Я посторонился, пропуская ее вперед. В избе стало уже совсем светло. Женщина принялась хлопотать по хозяйству, собирая на стол. Получалось у нее это не очень ловко, хотя выглядела она ладной и легонькой. Пока я ел ломоть свежего хлеба, запивая его молоком, хозяйка уронила ухват, чуть не выбив оконное стекло. Потом пустая обливная керамическая крынка выскользнула у нее из рук. Я инстинктивно кинулся помогать собирать разлетевшиеся по полу черепки, и мы столкнулись головами.
-Какая же я неловкая, - пожаловалась женщина, когда мы оба, потирая ушибленные места, встали друг против друга.
-Бывает, - сказал я, добавив сентенцию: - Чего в жизни не случается. Давайте, знакомиться, коль уже лбами столкнулись.
-Давайте, - улыбнулась она немудрящей шутке. - Меня зовут Наталья Александровна.
Я тоже представился своим новым именем.
-Василий Тимофеевич Харлсон.
То, что молодая женщина назвала свои имя и отчество вместо крестьянского уничижительного прозвания «Наташка», как и ее неловкость, утвердили меня в мысли, что она, скорее всего, не настоящая крестьянка.
-Давно изволите жить в деревне? - витиевато, в старинном стиле поинтересовался я.
Наталья Александровна вскинула брови, удивленно глядя на меня.
-А почему вы решили, что я не деревенская? Может быть, я местная, просто работала в городе горничной.
-Мне кажется, деревенские девушки так, как вы, не разговаривают, - ответил я.
Наталья Александровна подозрительно посмотрела мне в глаза:
-Сударь, вы, случайно, не филер?
-Увы, должен вас разочаровать, я всего-навсего проезжий, попавший в неприятную историю.
-Еремей говорил мне какую-то глупость о воздушном шаре, я, признаться, ему не поверила.
-Почему же глупость, на воздушных шарах летают уже лет сто. Это, сударыня, прогресс.
-Но не так далеко от Москвы! - парировала она.
-Чего же здесь далекого, километров тридцать-сорок, то есть, я хотел сказать, верст.
-Я слышала о метрических мерах, - холодно сообщила «горничная».
-Не на Бестужевских ли курсах? - не удержался я от подначки.

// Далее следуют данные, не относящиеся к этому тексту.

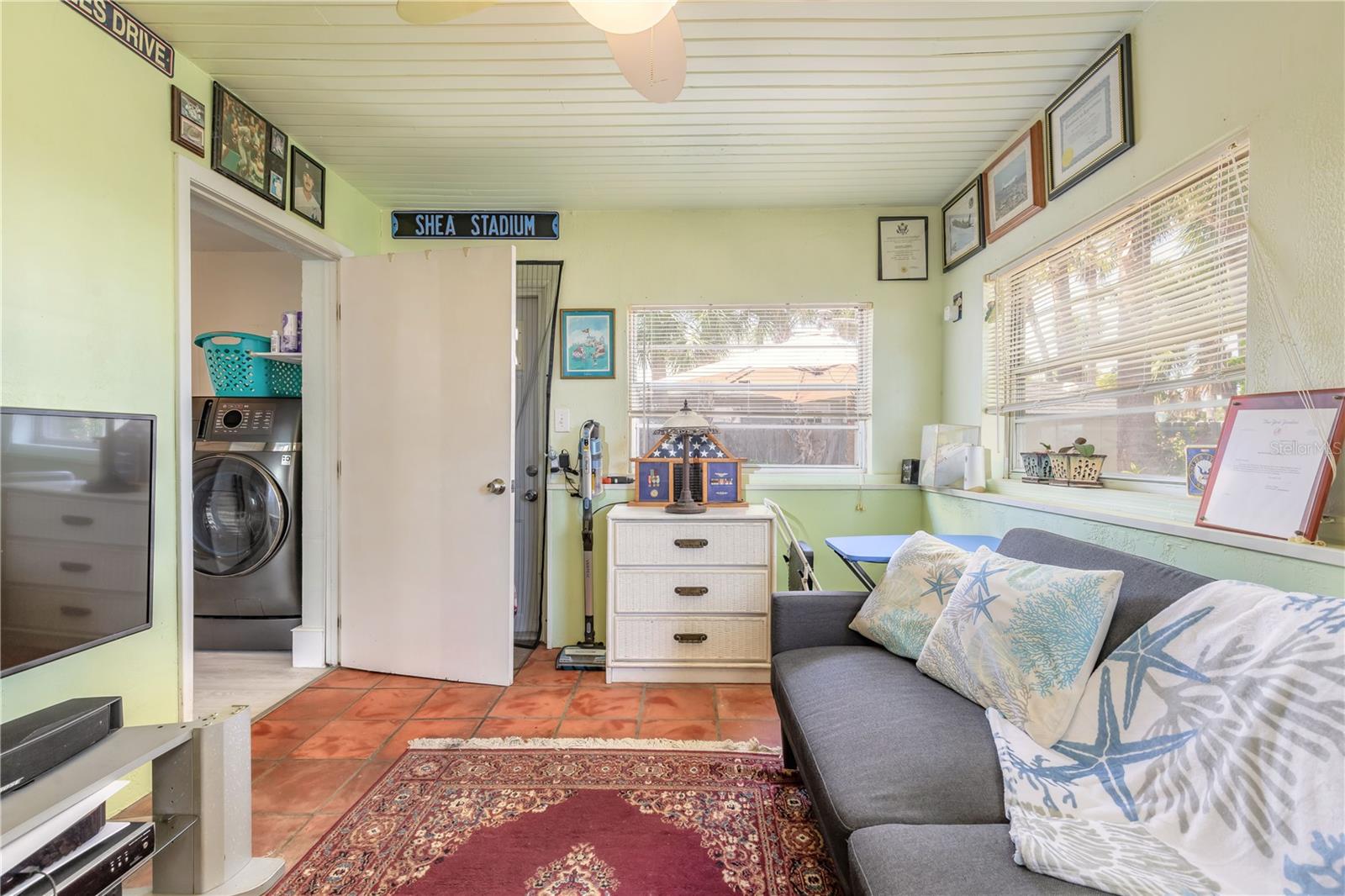 208 CRAWFORD RD, NEW SMYRNA BEACH, FL, 32169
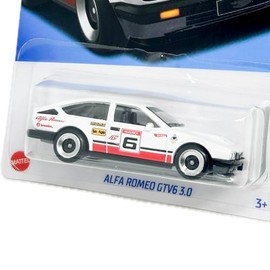 HotWheels Alfa Romeo GTV6 3.0 (Blanco) 2023 Retro Racers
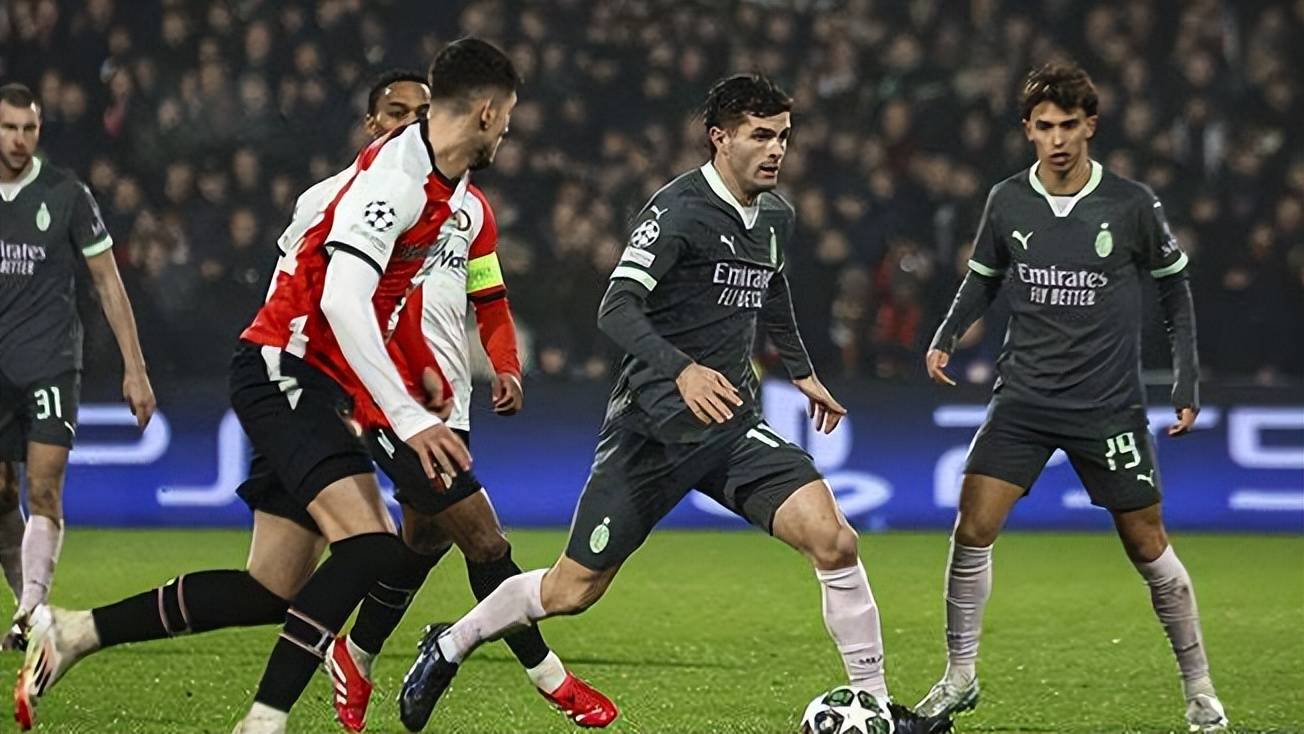 AC米兰中场传球失误,被对手反超比分 AC米兰中场传球失误,被对手反超比分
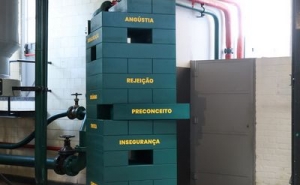 O outro peso da obesidade: «Torre dos Desequilíbrios» chega a Loulé para sensibilizar para o impacto emocional da doença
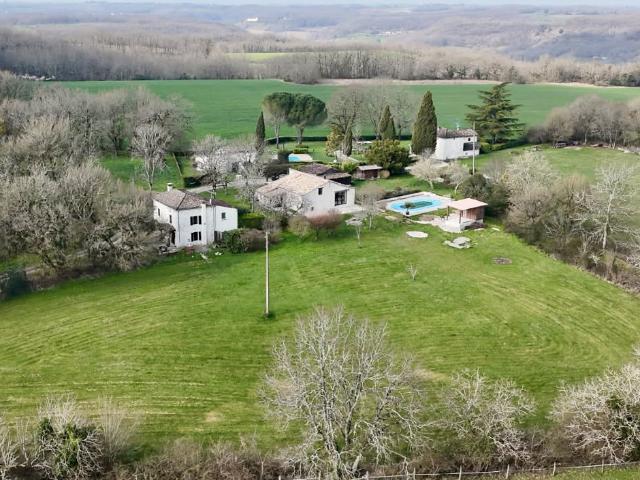 Maison 9 pièces 237 m²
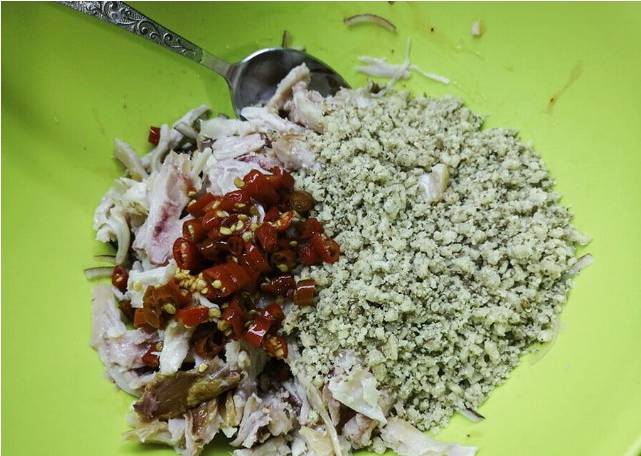 Грузинский салат с баклажанами и курицей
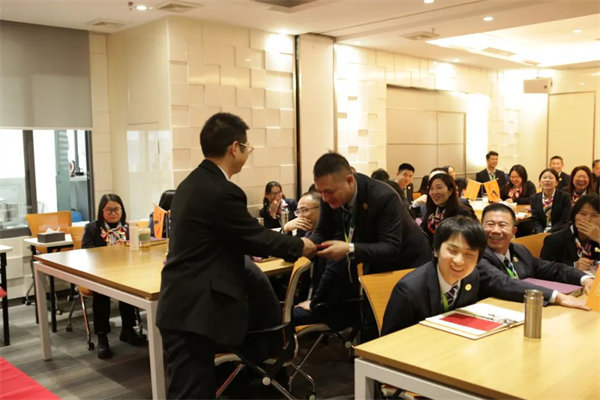 共襄盛典,啟航新征程!廣東博皓年度總結大會-頒發年終利是、子女助學金、敬老金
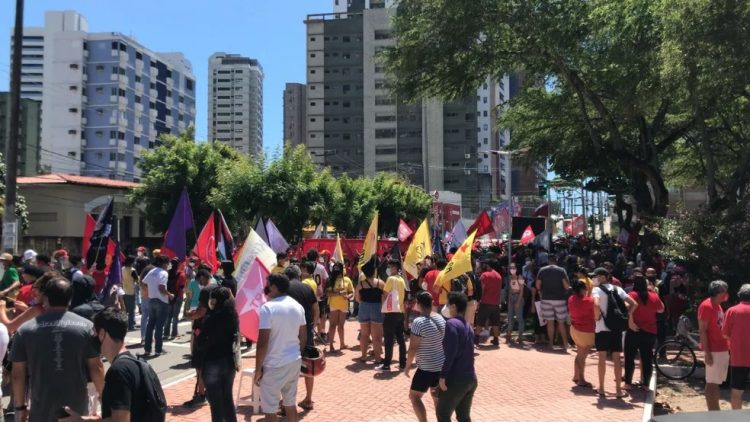 7 de Setembro é marcado por manifestações contra e a favor de Bolsonaro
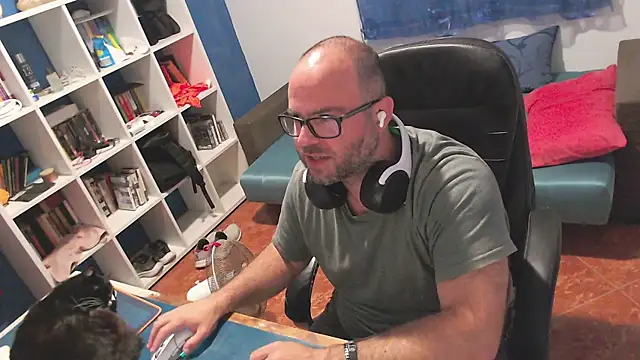 ravingr4d4 online show from 06-01-26, 10:09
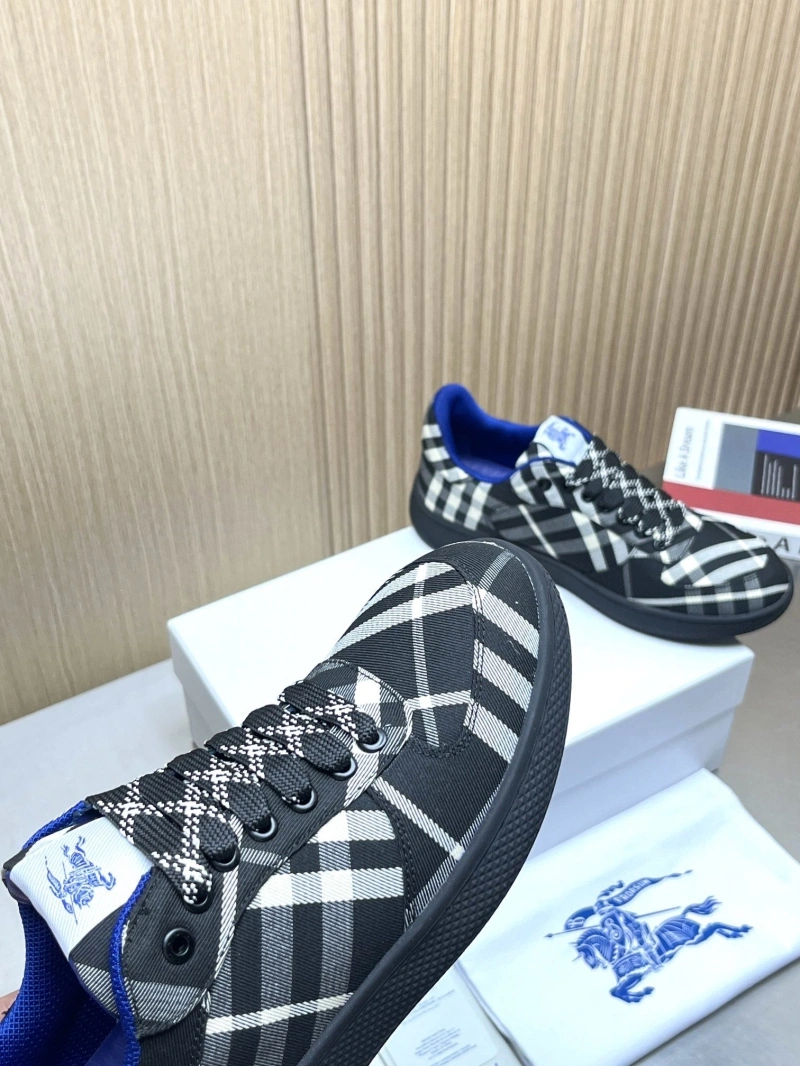 NewStyle Bxrbxrry Sneakers 115048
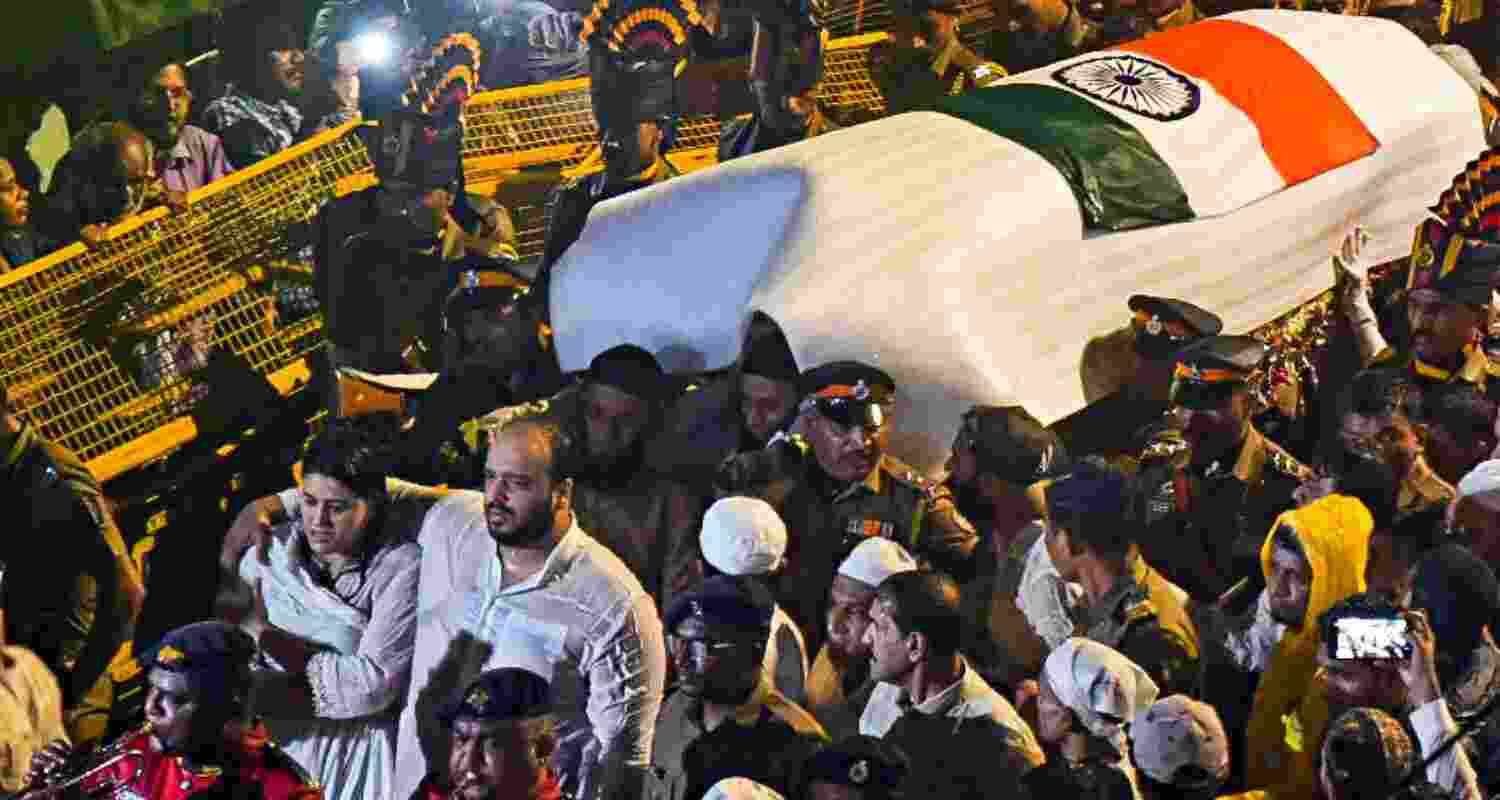 Prominent Leaders Attend Baba Siddique Last Rites in Mumbai.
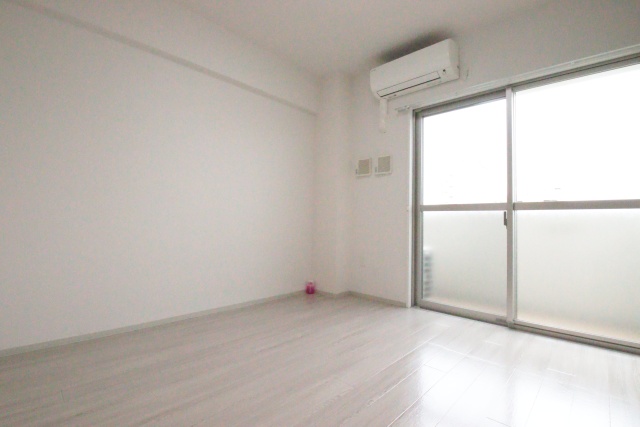 居室・リビング　※別室の参考写真の為、現況優先です。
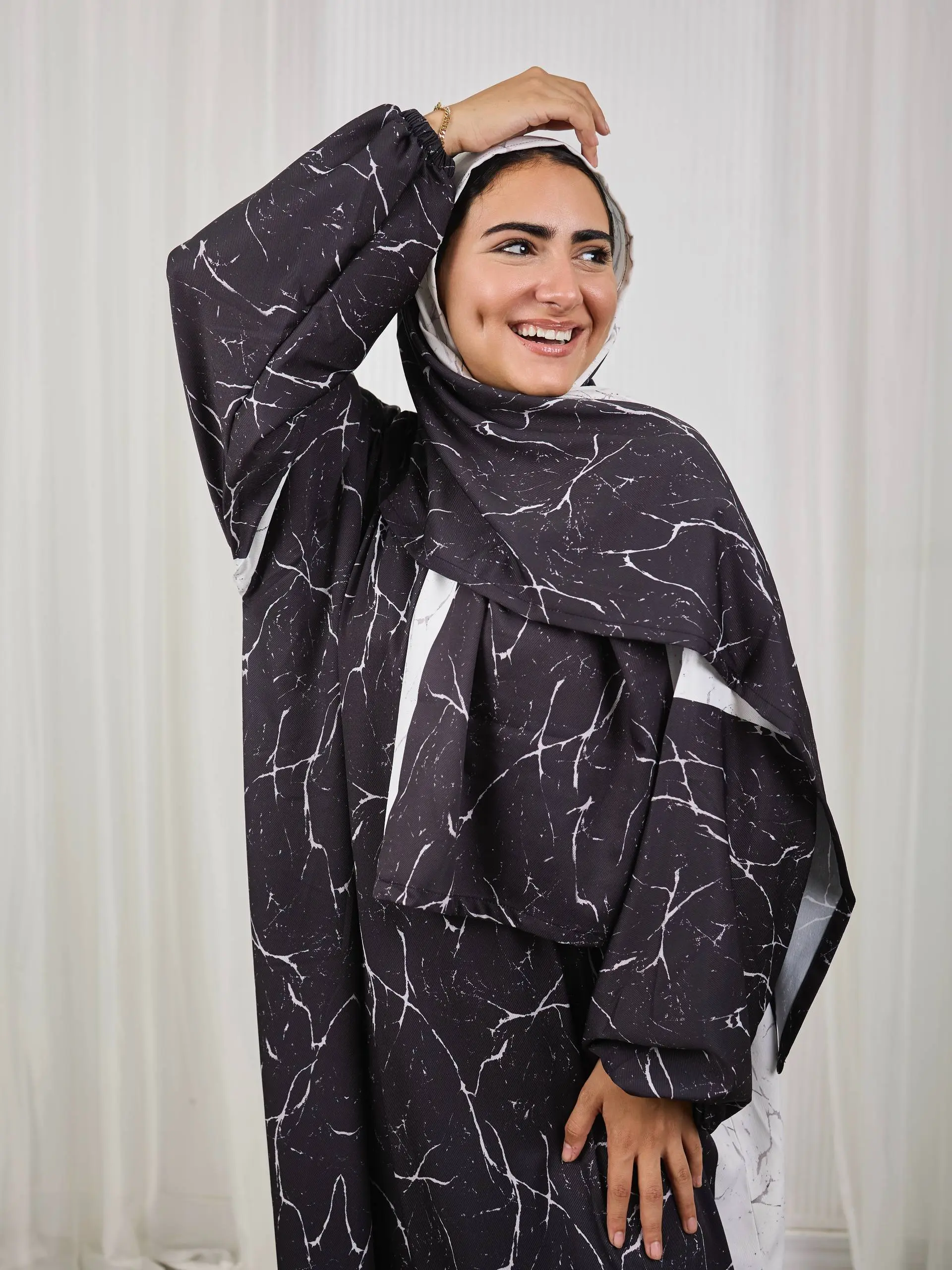 5796560946305109944 اسود ماربل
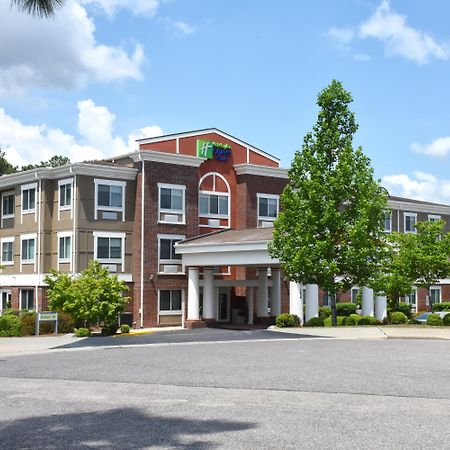 Holiday Inn Express & Suites Southern Pines-Pinehurst Area By Ihg Buitenkant foto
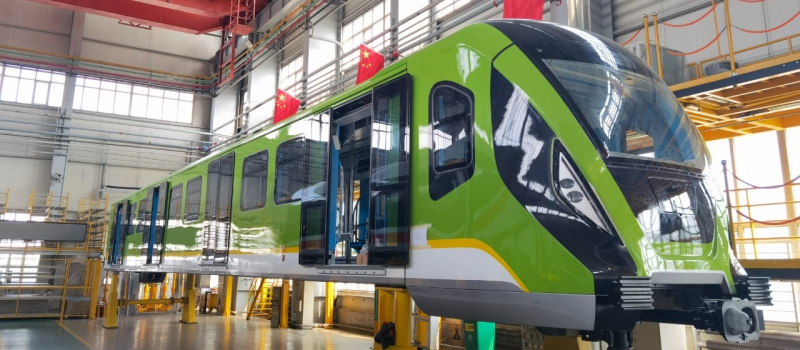 Visión lateral del vagón verde de la Primera Línea del Metro de Bogotá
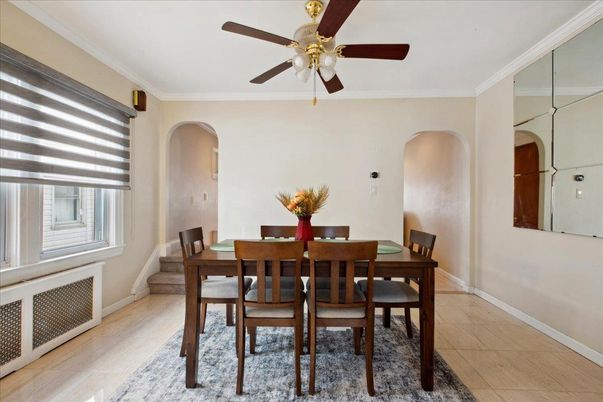 Dining room, Interior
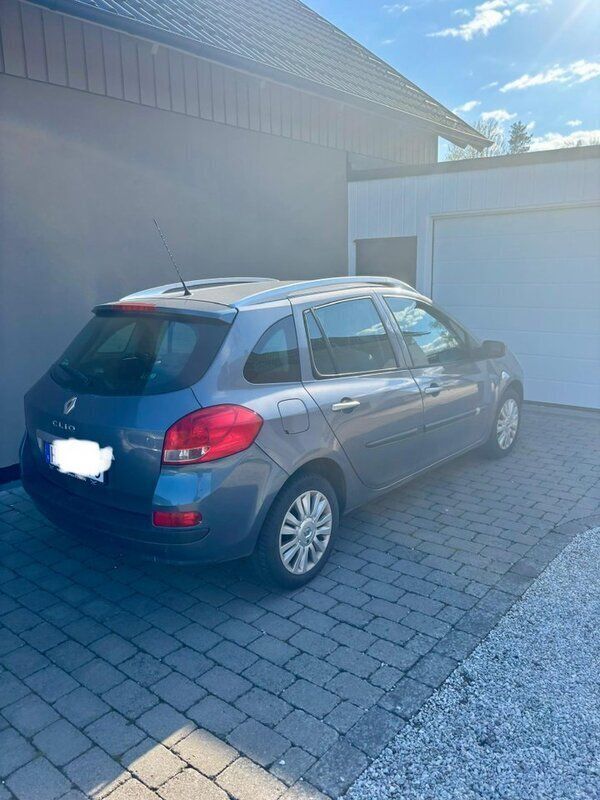 Blå Begagnad 2008 Renault Clio GrandTour Kombi | 26 500 kr (Lite dyr) - Bild 1/4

-Все-таки вы шпион, - грустно сказала Наталья Александровна. - Что же, идите, доносите, я готова пострадать за народ!
-За кого? - переспросил я. - Вы это, что, серьёзно? Я, вообще-то, думал, что вы жена хозяина, если ошибся, извините. Вы, вероятно, революционерка? - добавил я, начиная понимать, с кем меня свела судьба.
-Вам не нравятся революционеры?! - с вызовом спросила девушка.
-Ну, что вы, товарищ, я от них просто балдею, - ответил я совершенно серьезно.
Барышня не сразу врубилась в то, что я сказал, и переспросила:
-Извините, что вы делаете?
-Балдею, в смысле тащусь. Я восхищаюсь ими, то есть вами. Помните слова: «Пока свободою горим, пока сердца для чести живы, мой друг, Отчизне посвятим души прекрасные порывы!»
Однако, похоже, что стебался я недостаточно убедительно, и во вспыхнувших глазах Натальи Александровны, уже собравшейся пострадать за народное дело, появилось сомнение.